BL: We were fortunate in the fall—Ned Lamont had a rally across the street at the Magnet School. Chris Murphy and Johanna Hayes, who recently was elected, were there, and Ned Lamont and Joe Biden. It was awesome.
SL: I was the treasurer for South Windsor Democratic Town Committee for four years, so I got into the details of how campaigns are regulated and financed, just kind of on the side, as a volunteer. I’m the chairman of Hockanum and River District in the Boy Scouts in Connecticut. I have a responsibility for the programming for 1,000 adult volunteers and 2,100 youth, and I do a lot of training of adult volunteers in conservation and computers in scouting. My Trinity background of being a teaching assistant for international law was an important experience, foundational experience for me both professionally and personally and helped me become a better trainer and presenter.
BL: You’ve answered a lot of the questions I had through your conversation, but is there anything else you would like to mention or would like Trinity to be aware of?

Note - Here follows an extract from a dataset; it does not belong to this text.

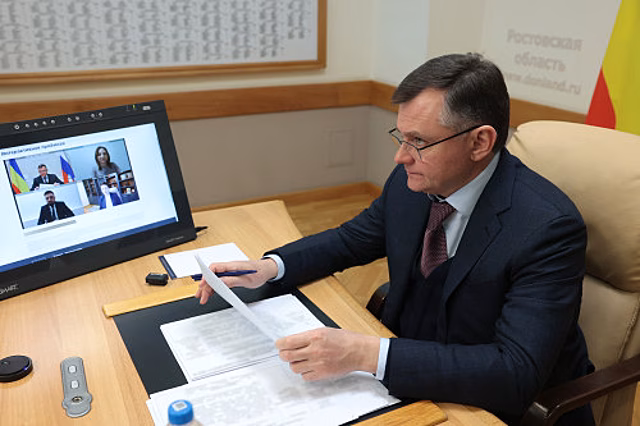 Юрий Слюсарь дал поручения по обращениям граждан на интерактивном приеме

SL: I’m on the Legislative Committee for the Sierra Club, Connecticut chapter. I’m also working on a state legislation relating to renewable energy and reducing carbon emissions. That’s kind of my passion right now, environmental activism. And I got that from Trinity, too, because when I was at Trinity, I took environmental law with a very distinguished visiting professor, Russell Brenneman, who was one of Connecticut’s leading environmental lawyers at the time. I credit my Trinity experience for a lot of the things I do today because a lot of my papers in the political science realm were around environmentalism at the time.
A political science major or a major in history or the classics or any other Liberal Arts program is still a very worthwhile investment. Employers are looking for well-rounded, articulate, well-read, curious, self-motivated people, and the degree that they have in a specific educational focus is probably not as important to them as the type of person and the general skills that they have when they come out of college. I fully think a Trinity education is highly relevant and valuable.